GOAL OF THE EXERCISE:
Give back every line of the material exactly. Skip the pictures.

### STORED DATA ###

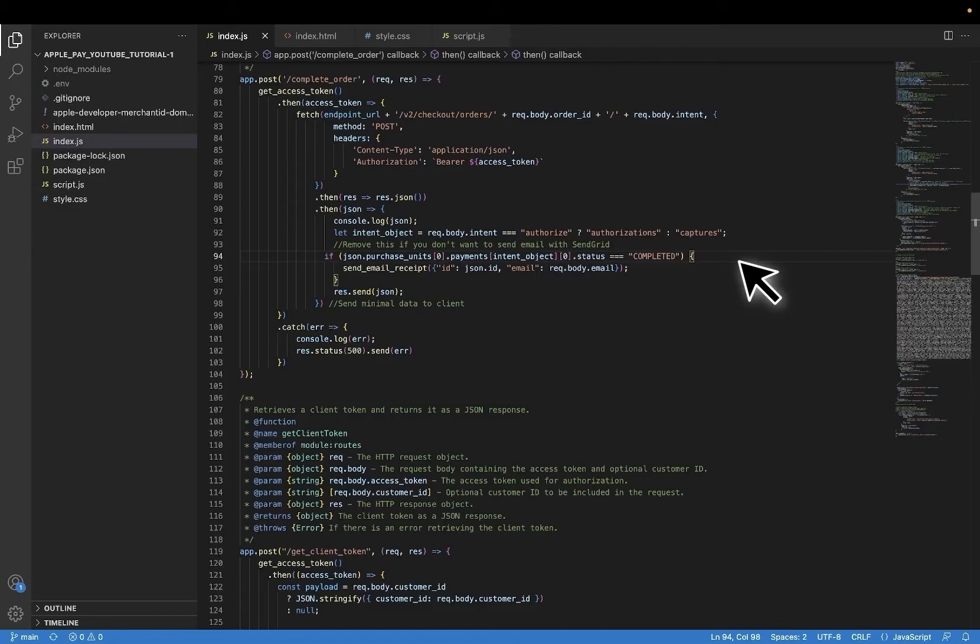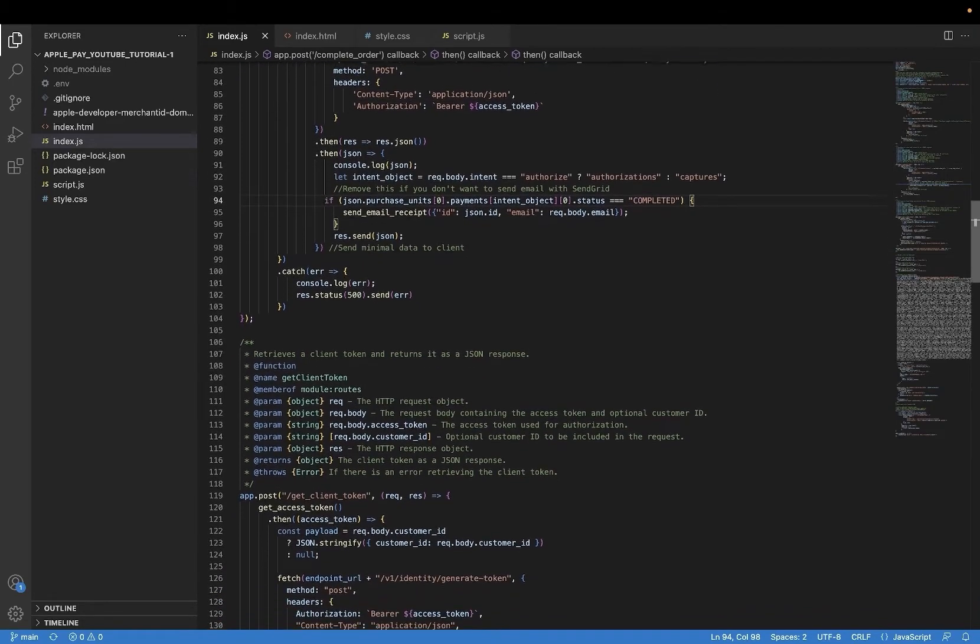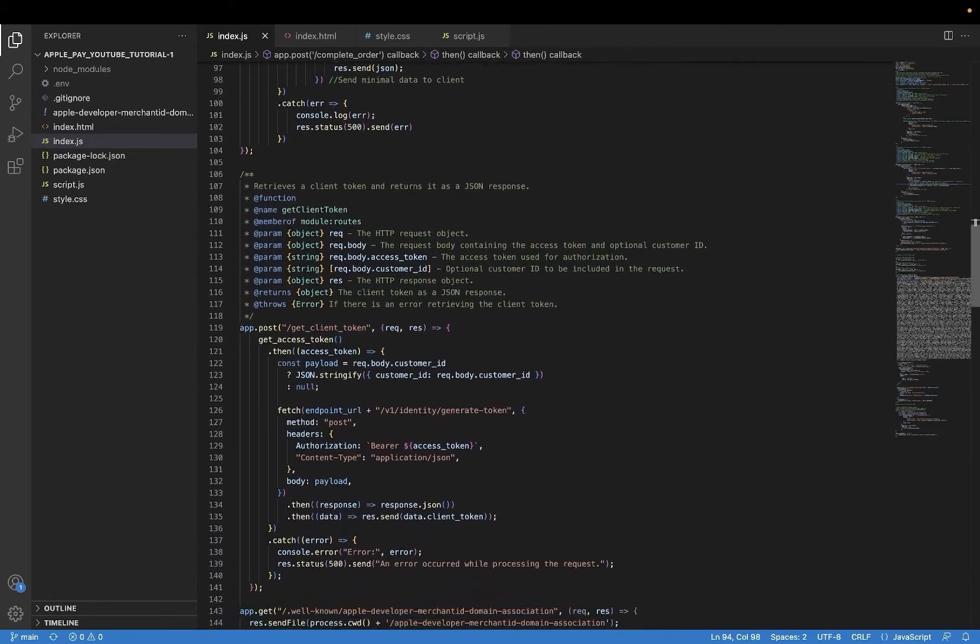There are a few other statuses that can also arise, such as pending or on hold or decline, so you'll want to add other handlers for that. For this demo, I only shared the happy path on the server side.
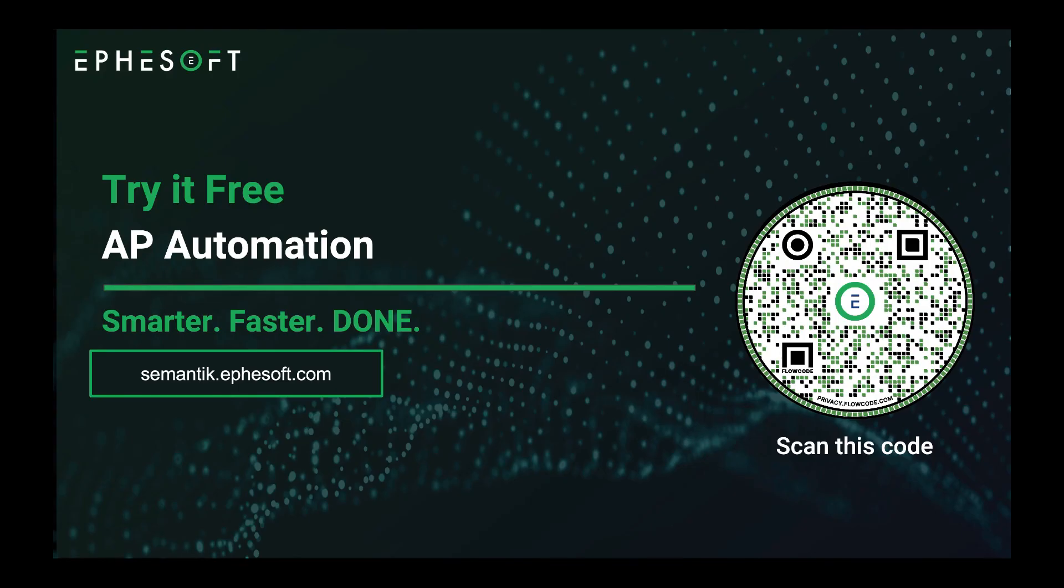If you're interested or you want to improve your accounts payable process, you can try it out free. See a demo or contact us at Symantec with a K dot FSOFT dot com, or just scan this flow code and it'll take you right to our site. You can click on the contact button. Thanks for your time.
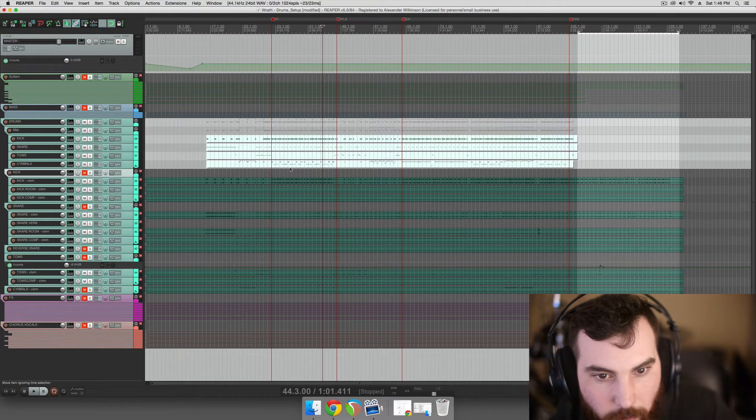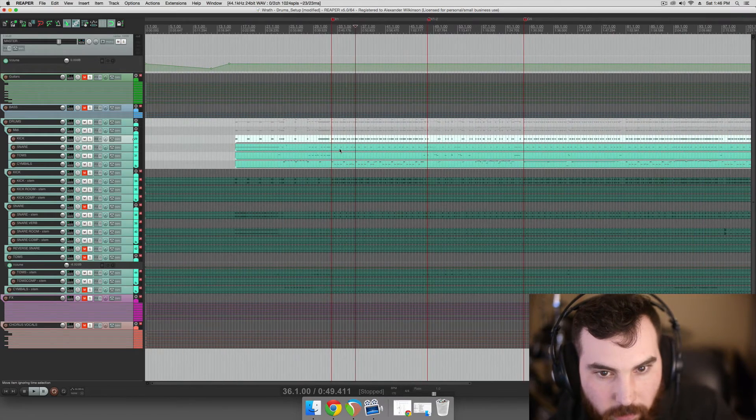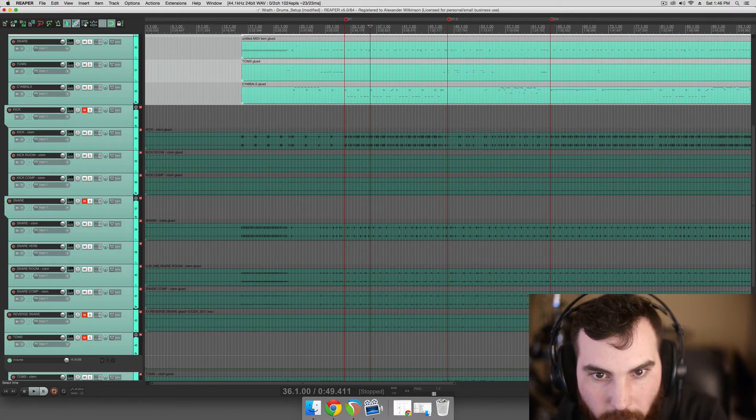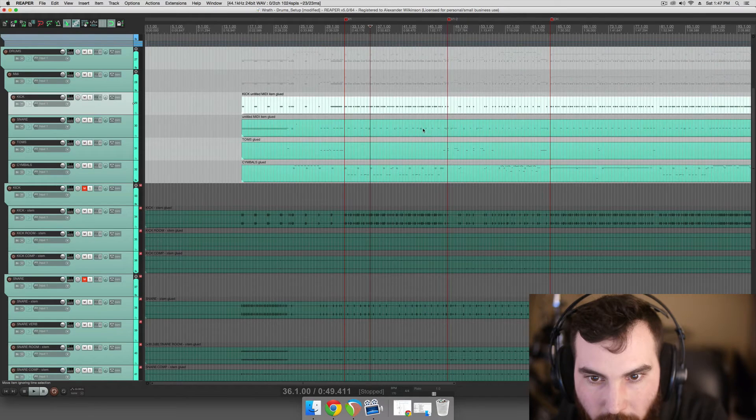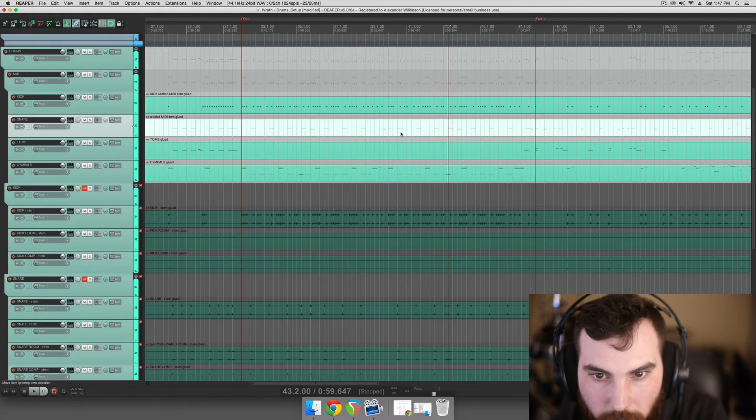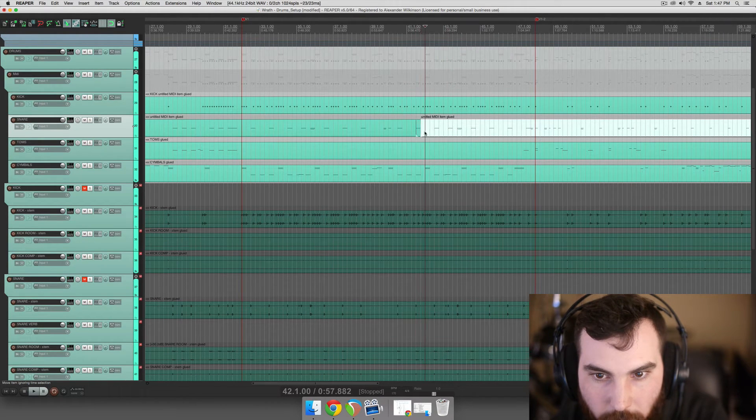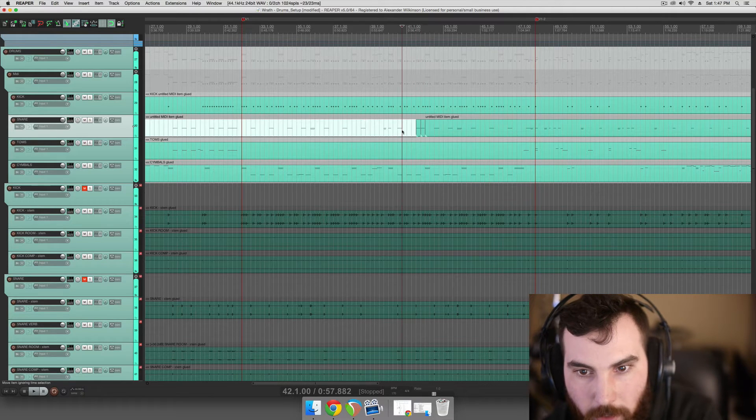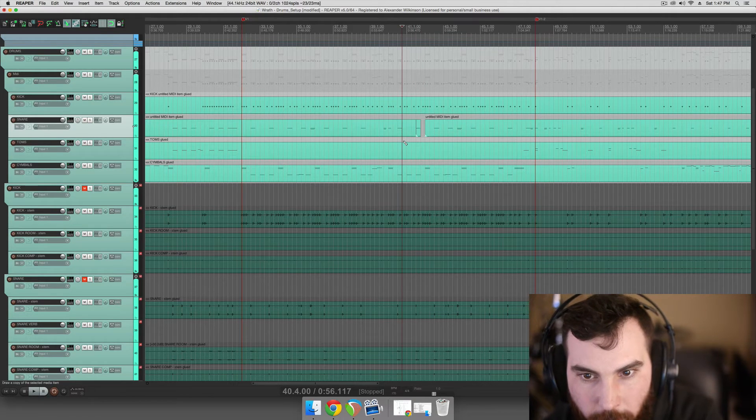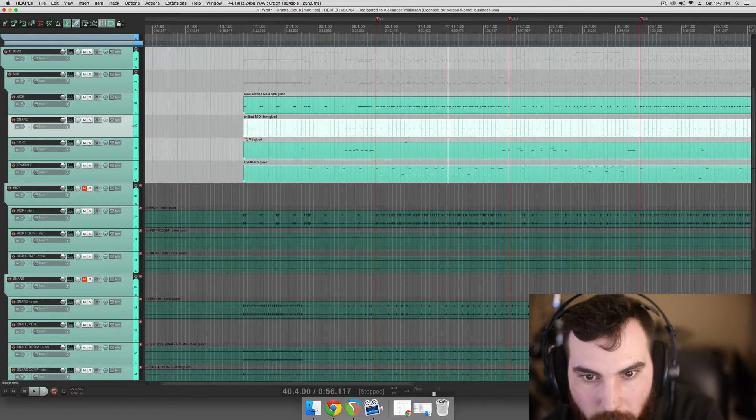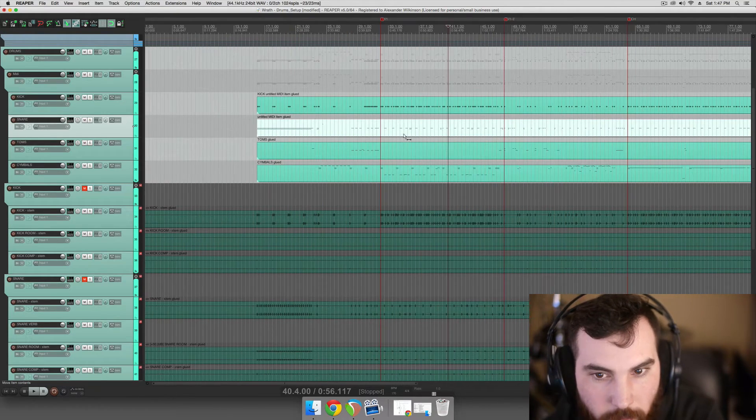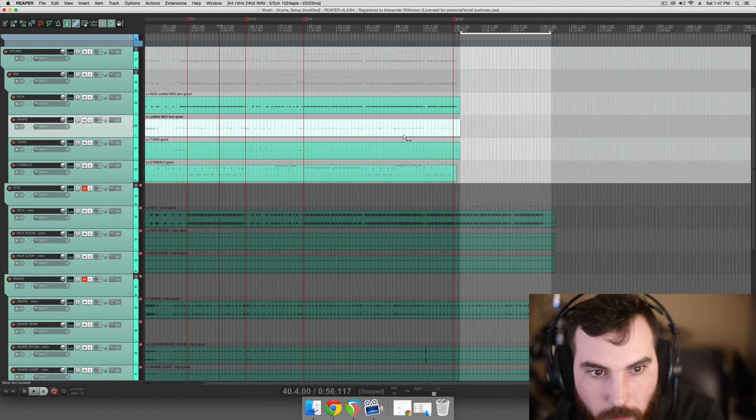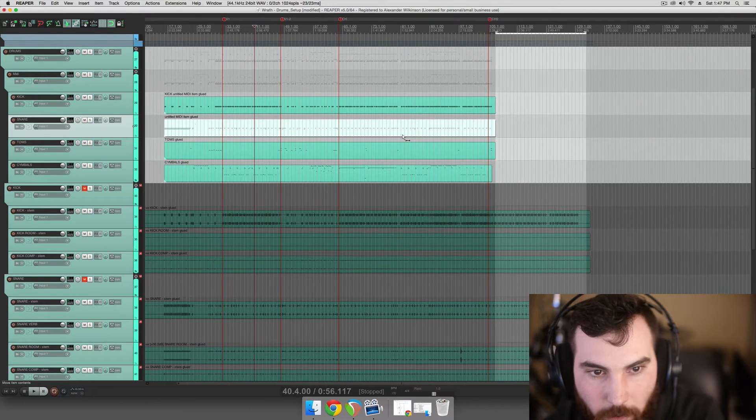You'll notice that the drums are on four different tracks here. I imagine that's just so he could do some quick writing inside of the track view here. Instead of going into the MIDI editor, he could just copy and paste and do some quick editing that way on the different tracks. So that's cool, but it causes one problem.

###

TASK RESULT:
There are a few other statuses that can also arise, such as pending or on hold or decline, so you'll want to add other handlers for that. For this demo, I only shared the happy path on the server side.
If you're interested or you want to improve your accounts payable process, you can try it out free. See a demo or contact us at Symantec with a K dot FSOFT dot com, or just scan this flow code and it'll take you right to our site. You can click on the contact button. Thanks for your time.
You'll notice that the drums are on four different tracks here. I imagine that's just so he could do some quick writing inside of the track view here. Instead of going into the MIDI editor, he could just copy and paste and do some quick editing that way on the different tracks. So that's cool, but it causes one problem.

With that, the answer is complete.